*PROBLEM TO WORK ON*. Starting from the line containing "animals that are anxious", give again every line through the end of the entries, word for word. Pictures stay out of the copy.

*** Block opens ***

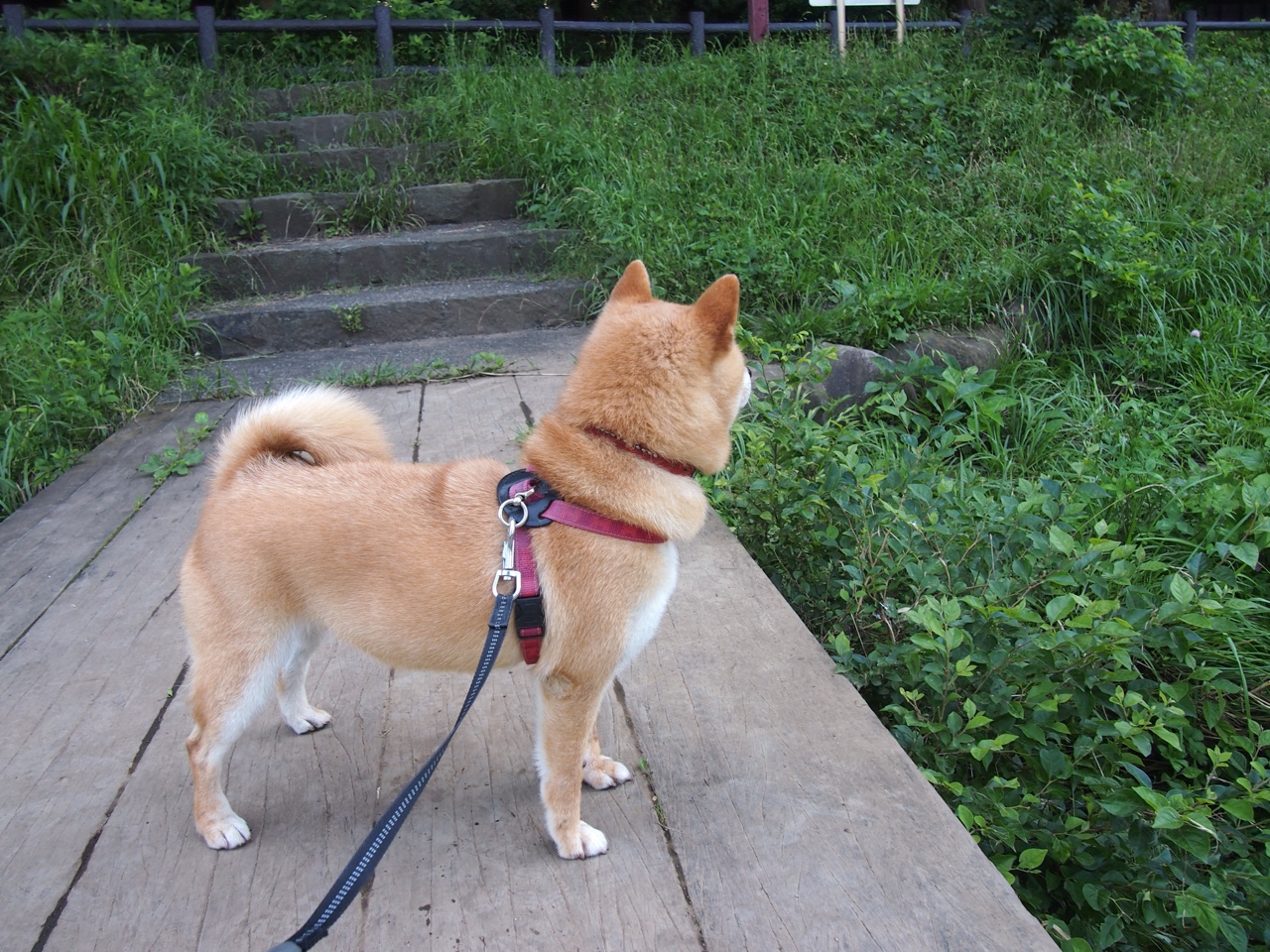 当城墙重铸，利刃在手，湖人制霸马刺背后的福克斯冠军启示录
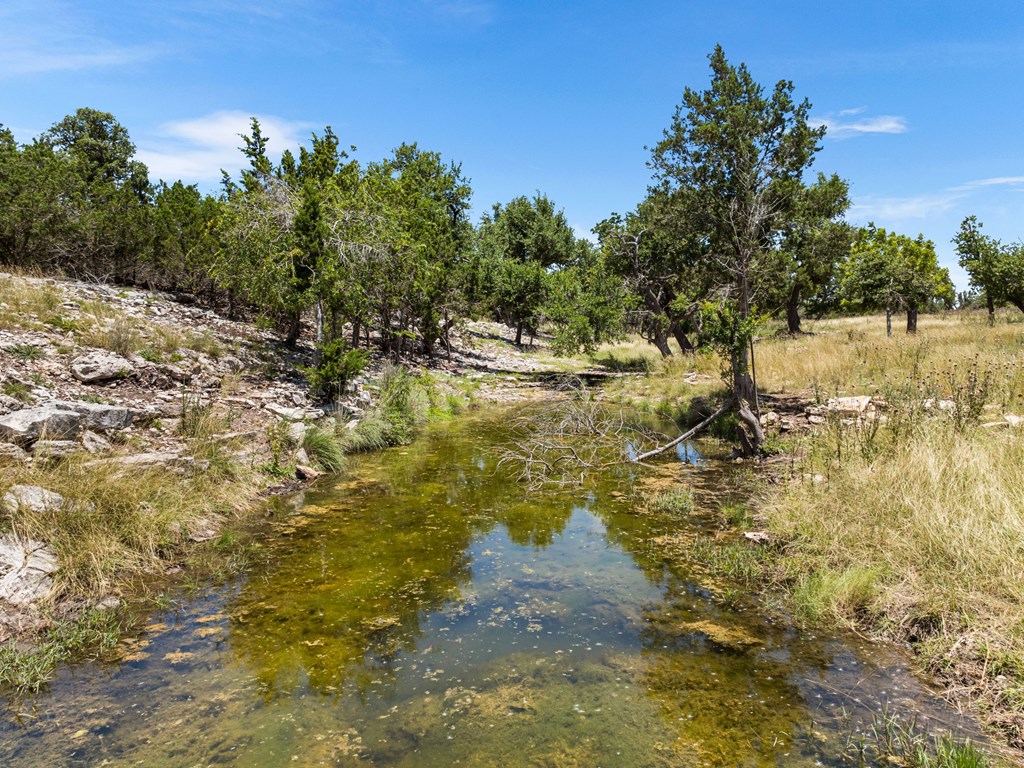 4369 Reeh-Weinheimer Road Fredericksburg, TX 78624 - Photo 15 of 33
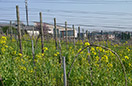 Domaine viticole Mathis Bastian
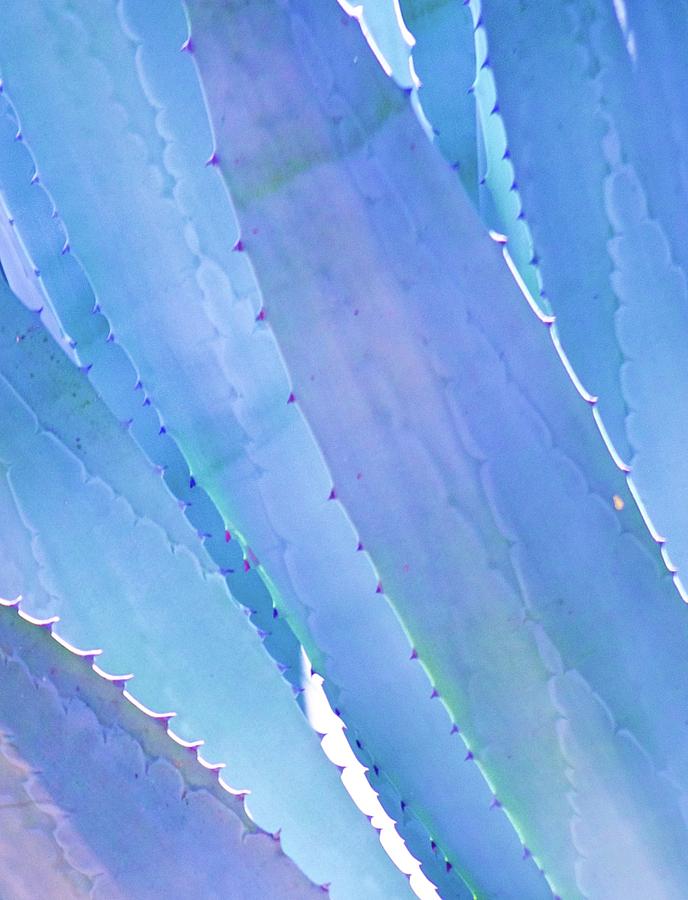Agave Photograph - Blue Agave by Risa Bender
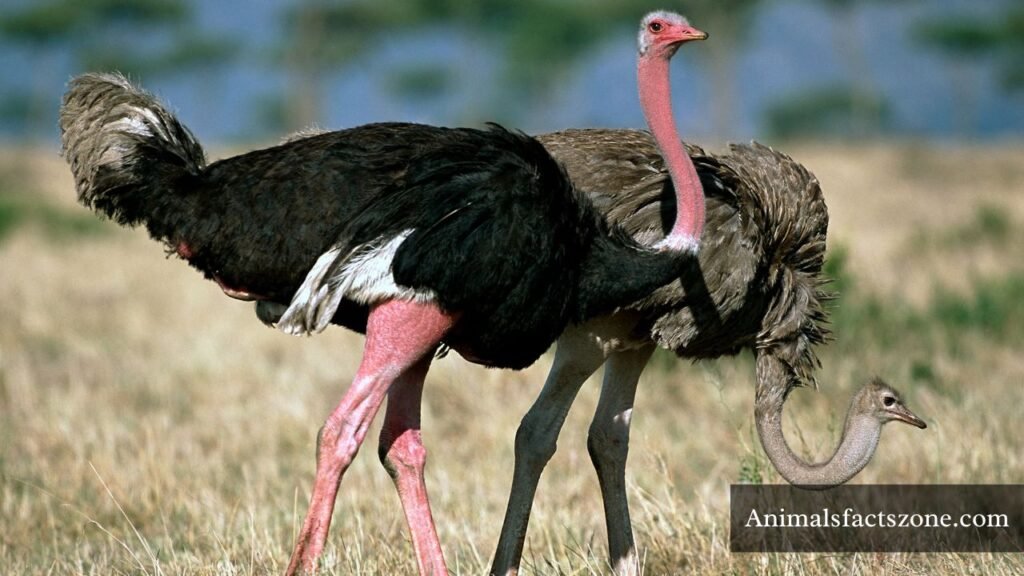 animals that are anxious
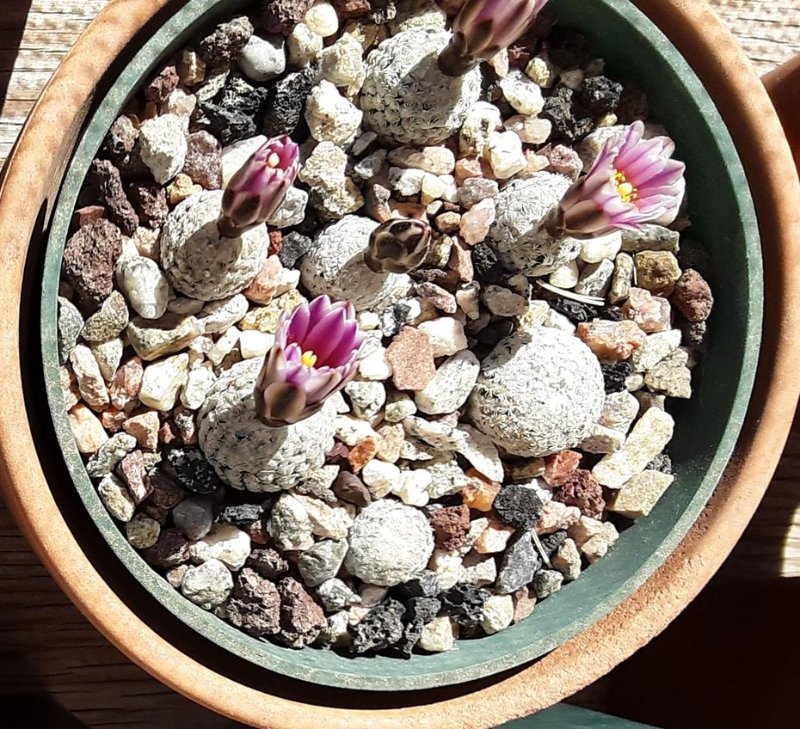 Turbinicarpus valdezianus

*** Block closes ***

*YOUR SOLUTION*.
 animals that are anxious
 Turbinicarpus valdezianus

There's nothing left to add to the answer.